Aim of the task – Using the entries below, copy exactly each line from the line with "Supfire X8 Rechargeable" up to and including the line with "thumbnail image 5", with every picture left out.

▽

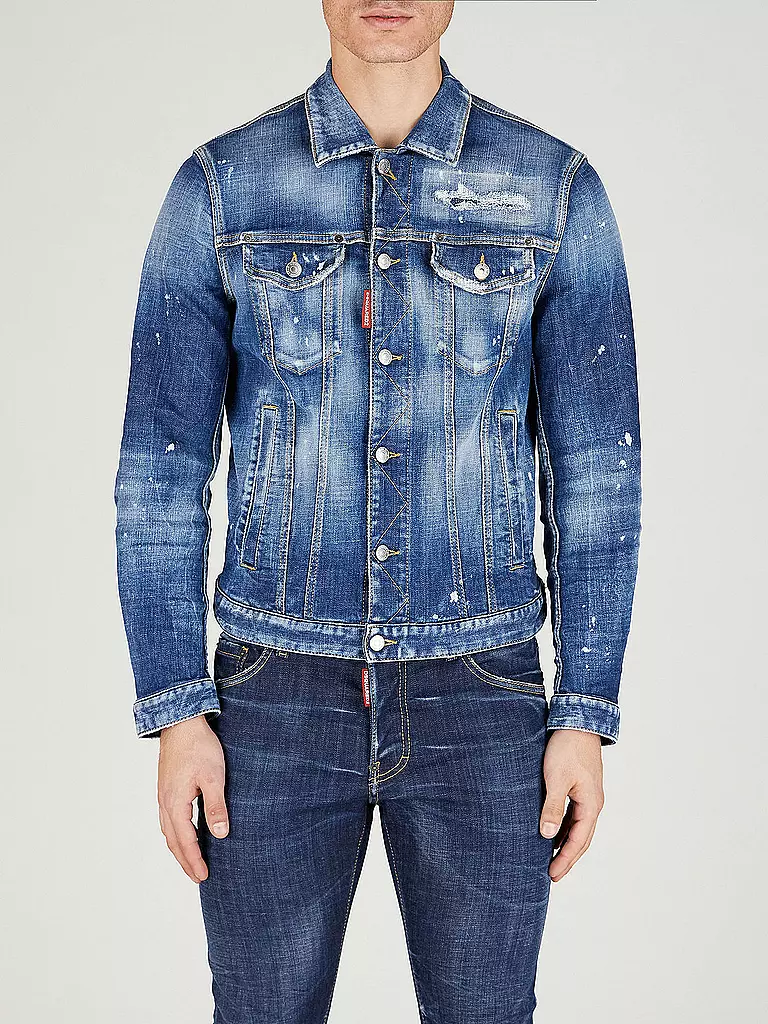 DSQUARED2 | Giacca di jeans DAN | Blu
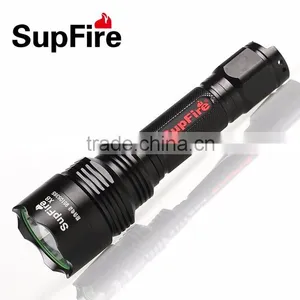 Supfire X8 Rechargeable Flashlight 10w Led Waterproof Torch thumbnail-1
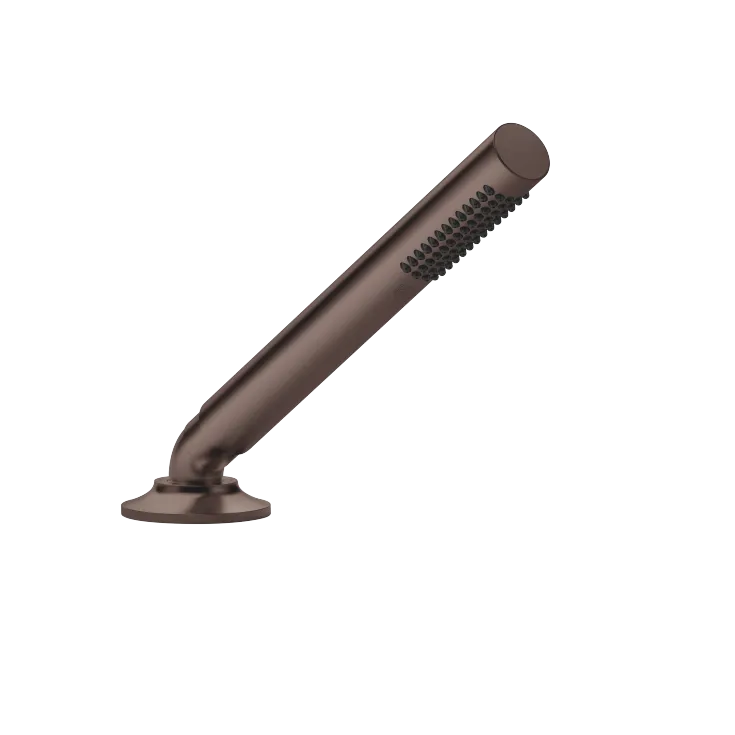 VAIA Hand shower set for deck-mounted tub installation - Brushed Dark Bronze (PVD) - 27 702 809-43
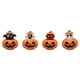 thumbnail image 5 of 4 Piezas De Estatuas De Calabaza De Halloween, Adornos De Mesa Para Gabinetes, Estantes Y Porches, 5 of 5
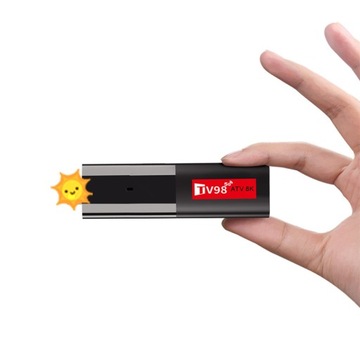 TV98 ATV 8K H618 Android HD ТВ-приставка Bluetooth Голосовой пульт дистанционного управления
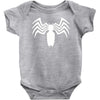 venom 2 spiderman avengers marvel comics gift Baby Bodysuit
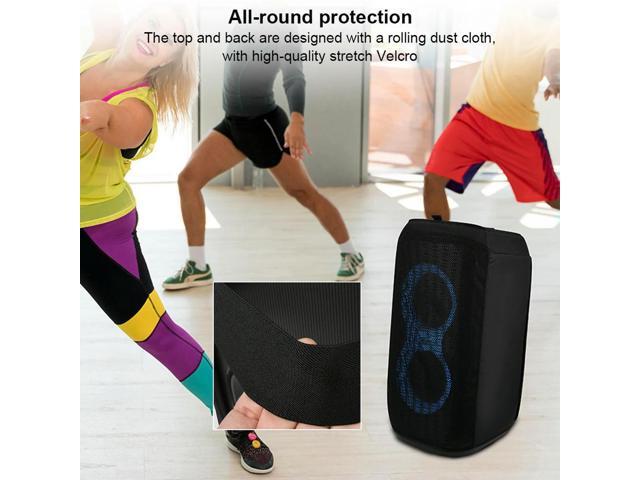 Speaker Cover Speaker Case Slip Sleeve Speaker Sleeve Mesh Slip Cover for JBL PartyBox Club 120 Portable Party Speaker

△

Output below –
 Supfire X8 Rechargeable Flashlight 10w Led Waterproof Torch thumbnail-1
 VAIA Hand shower set for deck-mounted tub installation - Brushed Dark Bronze (PVD) - 27 702 809-43
 thumbnail image 5 of 4 Piezas De Estatuas De Calabaza De Halloween, Adornos De Mesa Para Gabinetes, Estantes Y Porches, 5 of 5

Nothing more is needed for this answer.